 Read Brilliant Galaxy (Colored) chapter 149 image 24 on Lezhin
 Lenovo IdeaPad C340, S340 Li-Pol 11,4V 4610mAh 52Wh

...

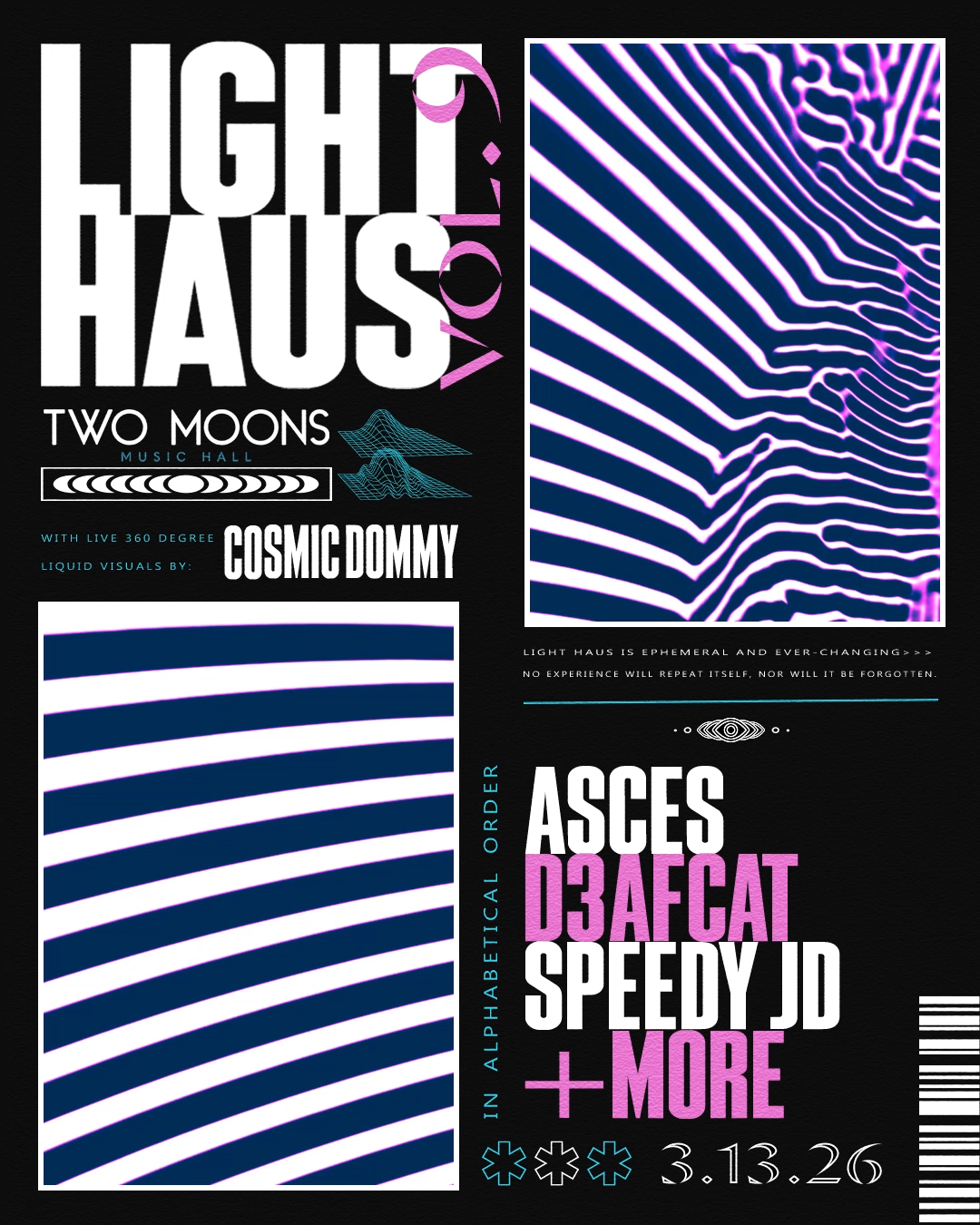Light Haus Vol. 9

...

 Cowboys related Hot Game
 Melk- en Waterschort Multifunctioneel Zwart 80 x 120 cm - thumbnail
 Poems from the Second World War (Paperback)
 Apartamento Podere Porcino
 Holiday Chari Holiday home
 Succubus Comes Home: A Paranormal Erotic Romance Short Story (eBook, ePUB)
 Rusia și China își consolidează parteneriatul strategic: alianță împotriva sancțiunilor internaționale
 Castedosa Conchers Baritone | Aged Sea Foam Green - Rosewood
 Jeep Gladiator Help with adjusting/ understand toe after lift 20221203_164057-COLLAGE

GOAL OF THE EXERCISE: Both the line containing "Rusia și China" and the line containing "Jeep Gladiator Help" belong in the answer. Print them and every line above that falls between them exactly, and no others.

WRITTEN ANSWER:
 Rusia și China își consolidează parteneriatul strategic: alianță împotriva sancțiunilor internaționale
 Castedosa Conchers Baritone | Aged Sea Foam Green - Rosewood
 Jeep Gladiator Help with adjusting/ understand toe after lift 20221203_164057-COLLAGE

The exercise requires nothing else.